05.07.2014, RBB (TV), 22.00 – 00.50 Uhr: INSIDER von Michael Mann mit Al Pacino und Russel Crowe

insider
Was Michael Mann 1999 geschaffen hat, ist ein herausragender, spannungsgeladener Polit- und Medienthriller, der nicht nur ohne Blutvergiessen und Actionszenen 170 Minuten fesselnd ist, sondern auch auf einer wahren Begebenheit basiert. Erzählt wird die Geschichte von Jeffrey Wigand (gespielt von Russel Crowe), ein Forschungsleiter eines großen Tabakkonzerns, der seinen Job verliert, weil er seine Bedenken über Camarin nicht für sich behält, sondern der Konzernleitung mitteilt. Camarin ist ein karzinogener Zusatzstoff, der dem Tabak bei der Zigarettenherstellung beigemischt wird, um den Amoniakeffekt zu verstärken bzw. zu gewährleisten, dass das Nikotin schneller im Körper seine Wirkung erzielt. Die Konzernleitung befürchtet einen Umsatzeinbruch und kündigt Wigand seine Stelle. Nach langem Zweifeln und Hadern will der gefeuerte Chemiker sein Insiderwissen über die krebserregenden Beimischungen an die Öffentlichkeit bringen. Der Nachrichten Producer Lowell Bergman, gespielt von Al Pacino, wirkt bestärkend auf Wigand ein, scheitert dann jedoch an der Leitung seines  Fernsehsenders, der eine Milliardenklage der Tabaklobby befürchtet.
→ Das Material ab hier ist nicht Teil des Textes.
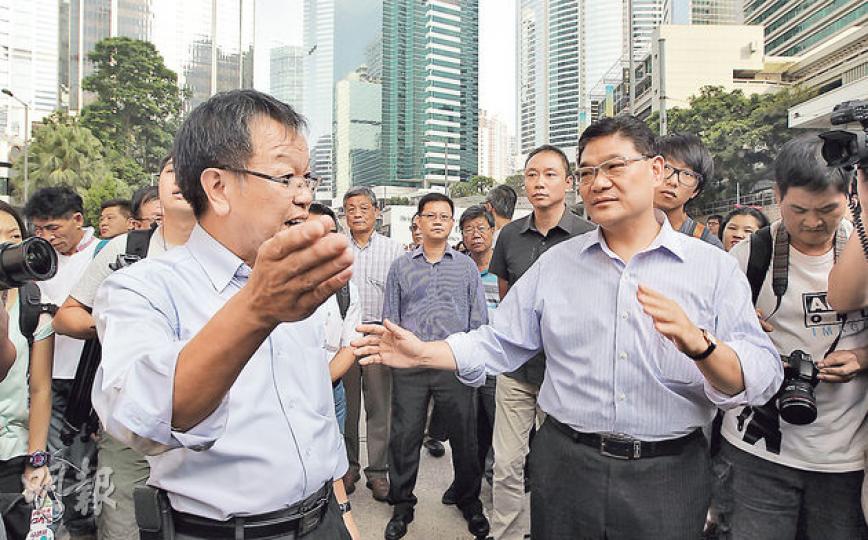 一班運輸業界代表昨午到金鐘道勸喻佔領者開路,灣仔區區議員(左)孫啟昌和中西區區議員葉永成(前右)指運輸業界亦大受影響,叫苦連天。(李澤彤攝)佔中行動第11日,學民思潮下午6時在灣仔港鐵A3出口外派單張,向交通受影響的市民致歉,解釋短期佔領街道就是為了長期換來政制改革,實現真普選。(郭慶輝攝) 一班運輸業界代表昨午到金鐘道勸喻佔領者開路,灣仔區區議員(左)孫啟昌和中西區區議員葉永成(前右)指運輸業界亦大受影響,叫苦連天。(李澤彤攝)佔中行動第11日,學民思潮下午6時在灣仔港鐵A3出口外派單張,向交通受影響的市民致歉,解釋短期佔領街道就是為了長期換來政制改革,實現真普選。(郭慶輝攝)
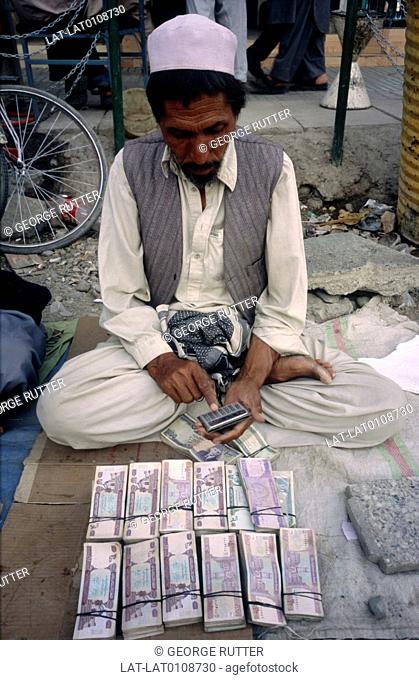 The unit of currency in Afghanistan is the Afghani which is pegged to the US American dollar. Money changers operate in the streets of the city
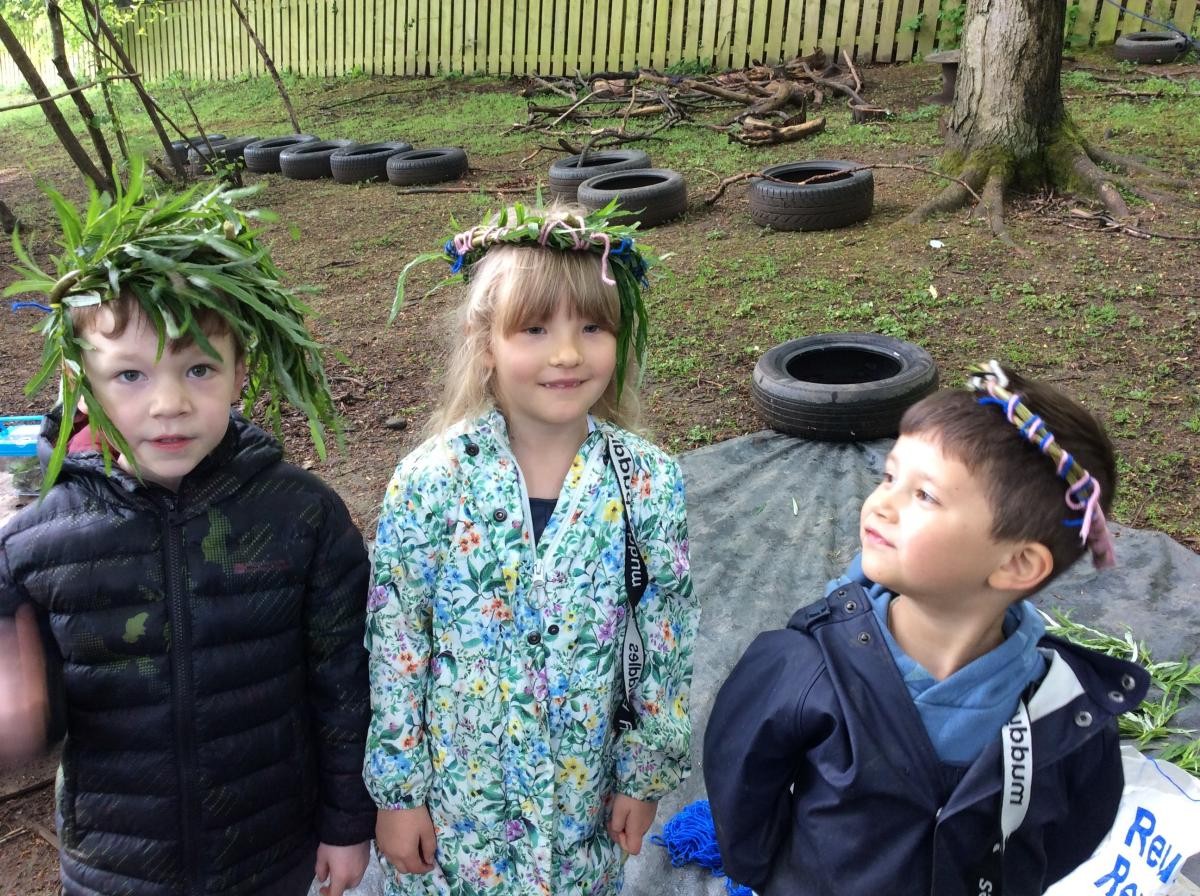What amazing crowns!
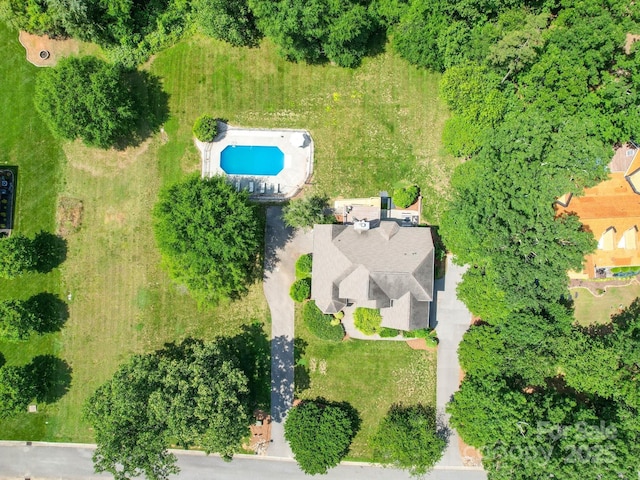 1508 Avalon Oaks Ct, Dallas, NC 28034 - aerial view of a pool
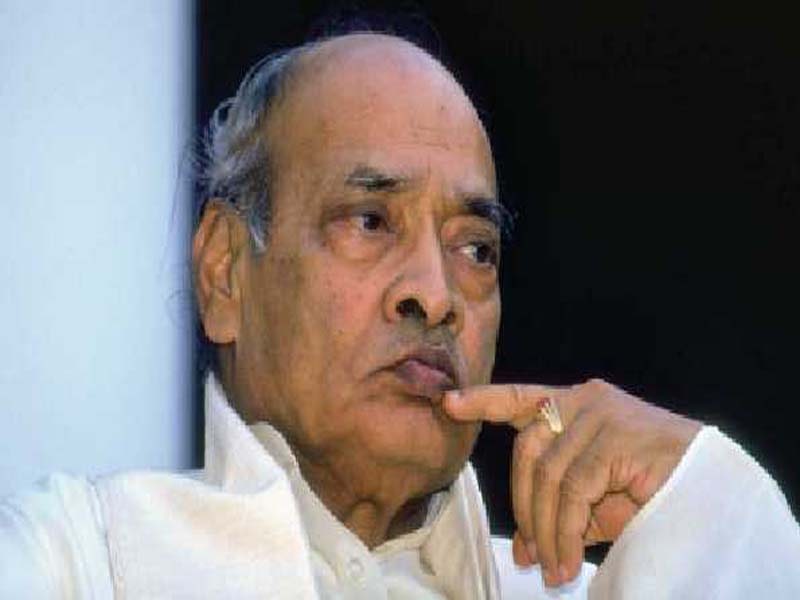 On the anniversary of his birth, former prime minister PV Narasimha Rao received lavish tributes.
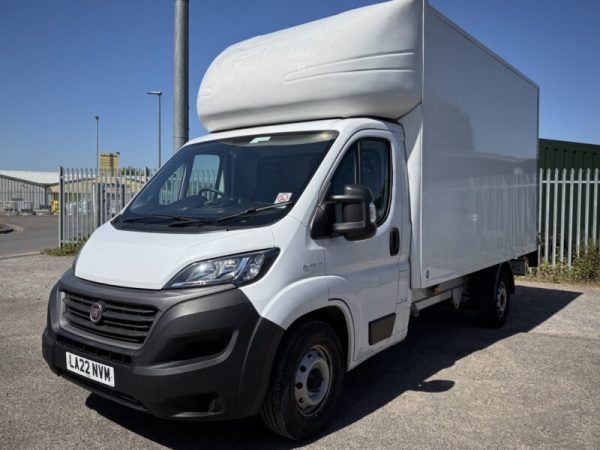 2022 FIAT Ducato 2.3 MultijetII 35 (Auto) Luton Box with Tail Lift - Image 2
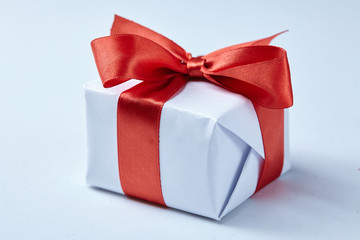 present with red bow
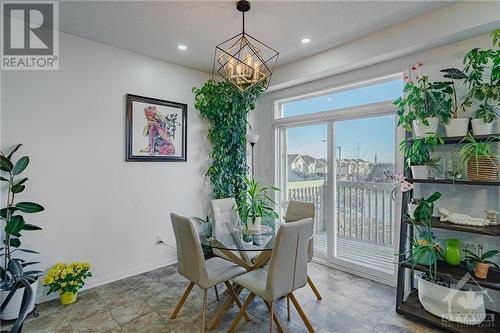 310 Wallaceburg Court, Ottawa, ON - Indoor Photo Showing Dining Room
Die Leitung vehindert die Ausstrahlung des Interviews. Parallel wird von der Tabakindustrie eine Schmutzkampagnge gegen ihren ehemaligen Chemiker inszeniert. Bergman gelingt es durch die Hilfe investigativer Kollegen die Schmutzkampagne zu entlarven und informiert seine Kollegen aus den Print-Medien über die internen Vorgänge in seinem Sender – wird also selbst zum Insider. Am Ende wird nach firmeninternen Auseinandersetzungen dann das Interview doch noch ausgestrahlt. Die Aussagen Wigands führten zu einem Vergleich der Tabakindustrie mit ihren Klägern in Höhe von 227 Mrd. $!
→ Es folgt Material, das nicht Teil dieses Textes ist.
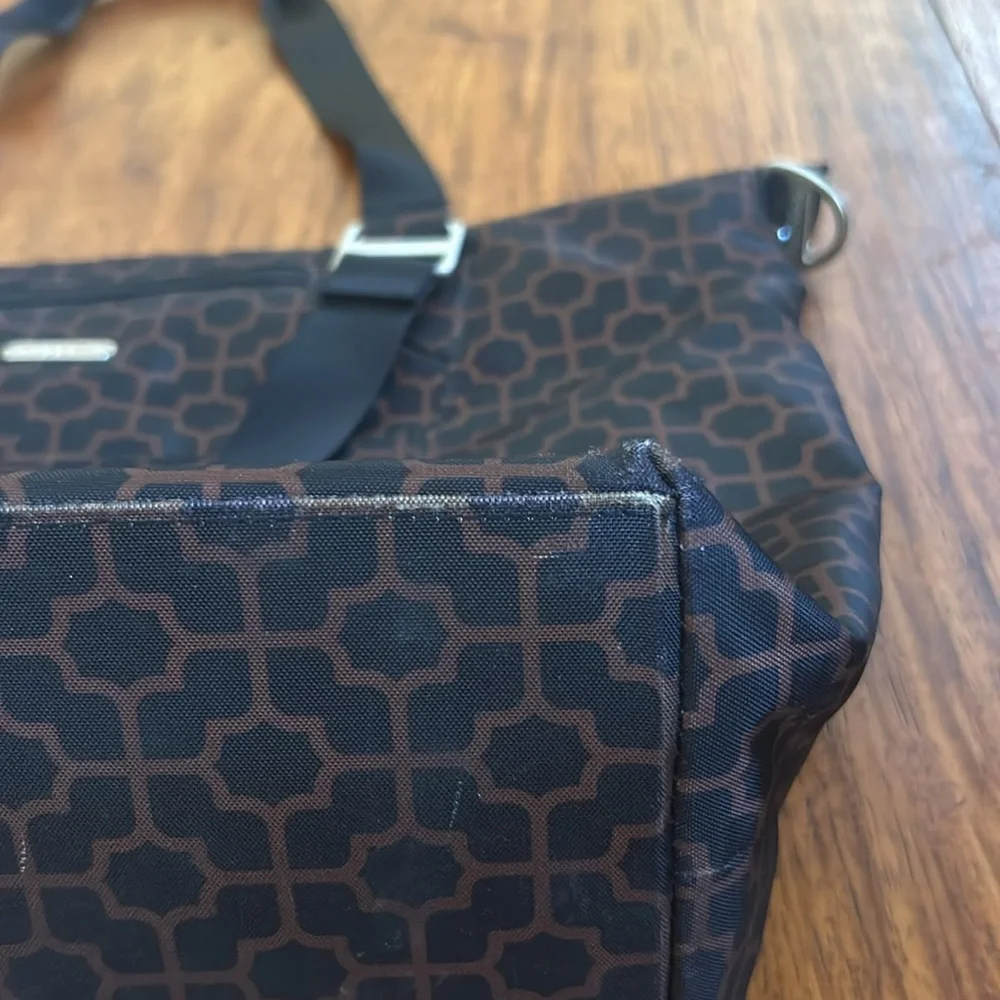 Baggallini large travel tote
Was diesen Film auch auszeichnet ist die Einbettung des Films in zwei andere Ereignisse: Am Anfang des Films wird Bergman im Nahen Osten gezeigt, wie er versucht, einen Anführer der Hisbollah zu einem Fernseh-Interview zu bewegen. Und am Ende gelang es Bergman über seine Verbindungen zum FBI, dass sein Fernsehsender exklusiv von der Festnahme des Una-Bombers Theodore Kaczynski berichten konnte. Durch diese Einbindung gelingt es Michael Mann ganz subtil, die Frage der Bedrohung durch verschiedene Formen der Gewaltanwendungen in den Raum zu stellen: Wer hat mehr Leichen im Keller: die Tabakindustrie, die Hisbollah oder der Una-Bomber?

Während der Fim auf WDR kürzlich zu nachtschlafener Zeit ausgestrahlt wurde, geht der RBB einen besseren Weg und es ist zu hoffen, dass dieser pädagogisch äußerst wertvolle Spielfilm von vielen gesehen wird! Übrigens wird einer längst überfälligen gesetzlichen Regelung für einen umfassenden Insider- bzw. Whistleblowerschutz in Deutschland auf die lange Bank geschoben. Die Wasserbürger berichteten über das Thema anlässlich einer Hintergrundsendung des Deutschlandfunks über den nicht vorhandenen Whistleblowerschutz in Deutschland (s. LINK).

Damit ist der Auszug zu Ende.